* _Required action_: With the images set aside, retype every record below character for character.

Extracted data entries:

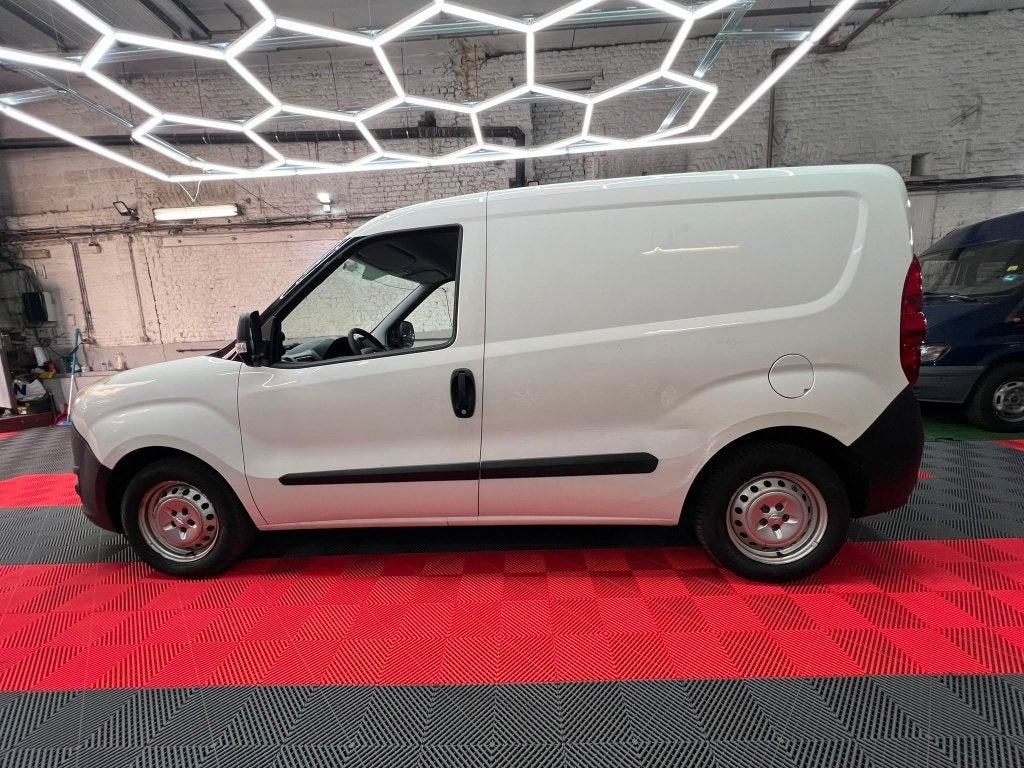 Opel Combo, Voorwielaandrijving, Zwart, 4 cilinders, Wit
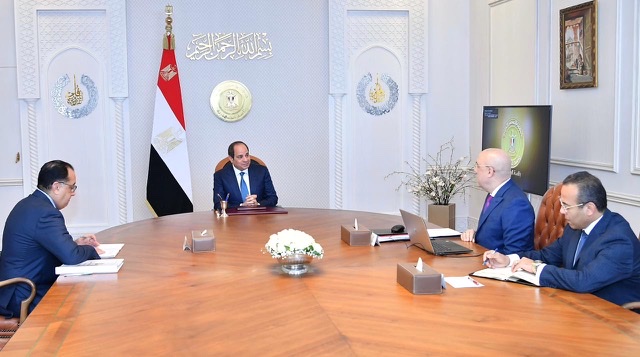 السيسي يطلع على تطورات العمل في سد 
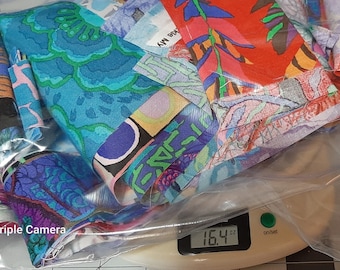 Ein Pfund Stoffstreifenpaket von Kaffe Fassett für Krümel-/Scrappy-Quilting mit einer Größe von weniger als 4 Zoll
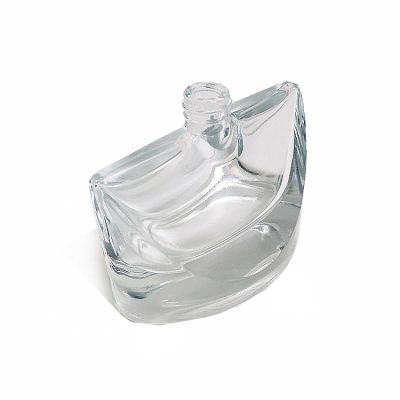 Fancy Oblique Shoulder Shaped Refillable Glass Spray Perfume Bottles 
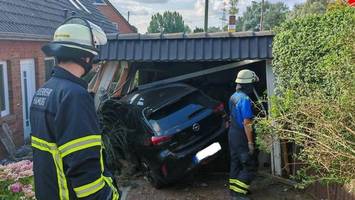 Frau kracht mit Auto in Carport – und erinnert sich nicht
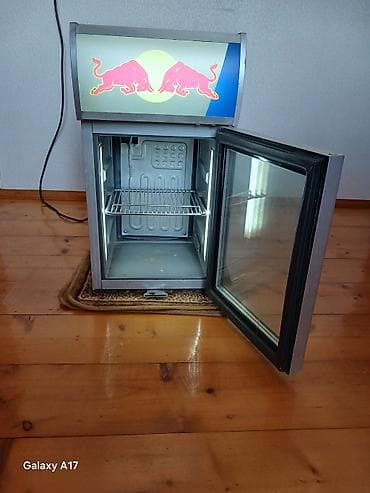 Red Bull brendli mini vitrin soyuducu ideal vəziyətdədir. 7 soyutma — 8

* _Expected answer_:
 Opel Combo, Voorwielaandrijving, Zwart, 4 cilinders, Wit
 السيسي يطلع على تطورات العمل في سد 
 Ein Pfund Stoffstreifenpaket von Kaffe Fassett für Krümel-/Scrappy-Quilting mit einer Größe von weniger als 4 Zoll
 Fancy Oblique Shoulder Shaped Refillable Glass Spray Perfume Bottles 
 Frau kracht mit Auto in Carport – und erinnert sich nicht
 Red Bull brendli mini vitrin soyuducu ideal vəziyətdədir. 7 soyutma — 8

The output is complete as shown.